* [Work to complete]: The answer consists solely of the lines running from the one with "カットホロー 4個 PUレザー" through the final line below, transcribed exactly and without any pictures.

* [Supplied data]:
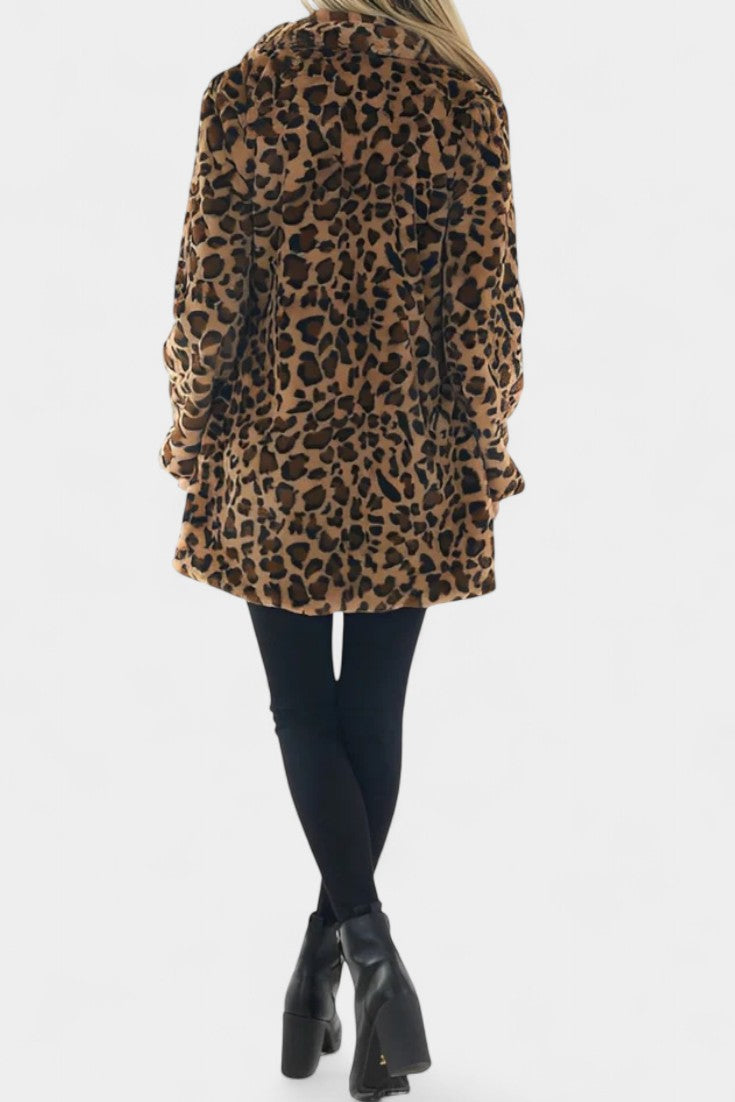 Enya | Abrigo Largo de Pelo Sintético Leopardo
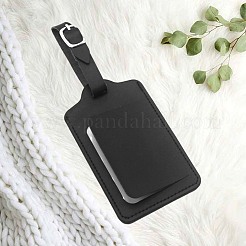 カットホロー 4個 PUレザー ラゲッジタグ  鉄のクラスプ付  旅行IDラベル  スーツケース名札  ブラック  111x70mm&nbsp;OFST-CL0001-01B-03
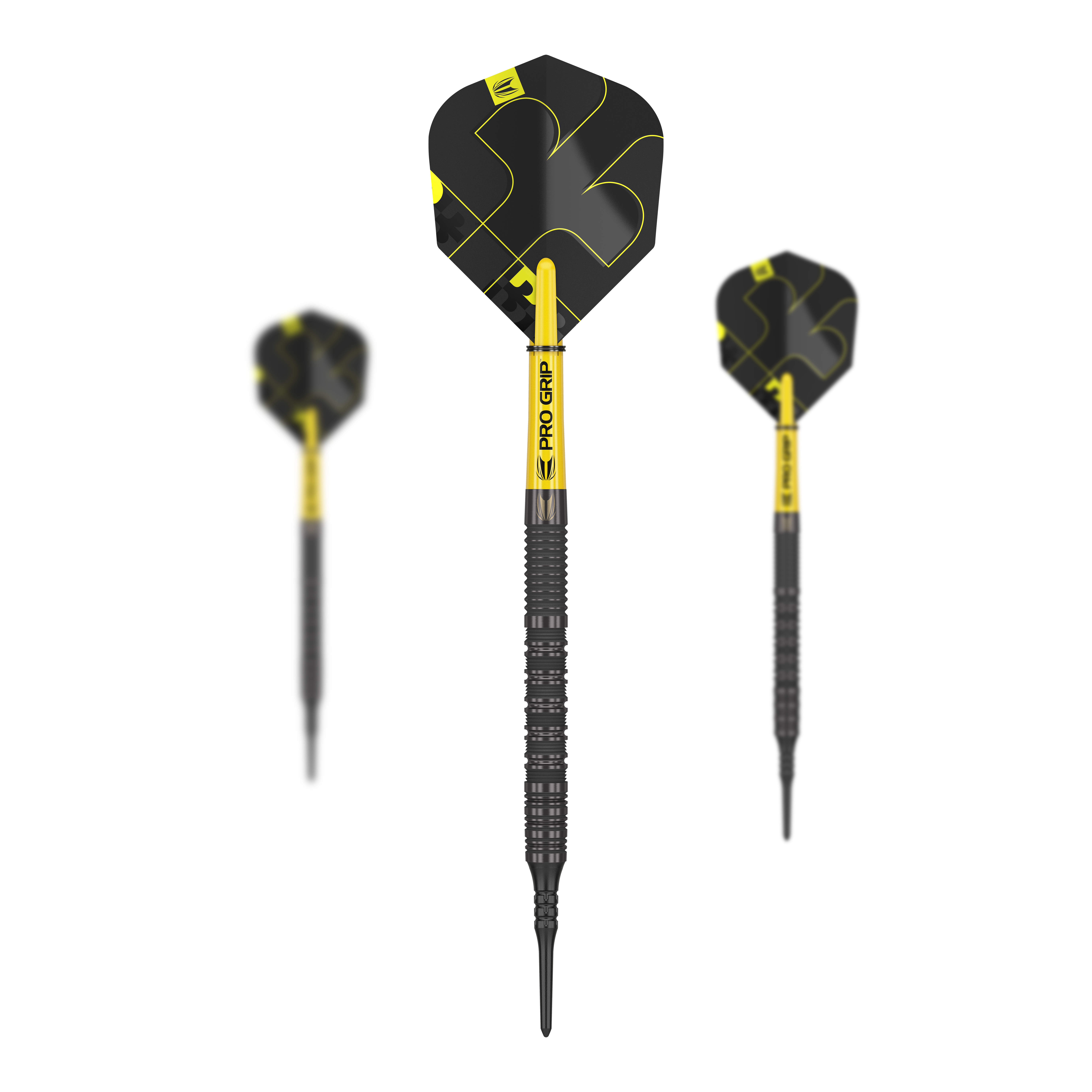 Target Bolide Void 10 fléchettes souples Das Bild zeigt drei Softdarts des Produkts "Target Bolide Void 10". Die Darts sind schwarz-gelb gestaltet und haben den Schriftzug "PRO GRIP" auf dem Schaft.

* [Response area]:
 カットホロー 4個 PUレザー ラゲッジタグ  鉄のクラスプ付  旅行IDラベル  スーツケース名札  ブラック  111x70mm&nbsp;OFST-CL0001-01B-03
 Target Bolide Void 10 fléchettes souples Das Bild zeigt drei Softdarts des Produkts "Target Bolide Void 10". Die Darts sind schwarz-gelb gestaltet und haben den Schriftzug "PRO GRIP" auf dem Schaft.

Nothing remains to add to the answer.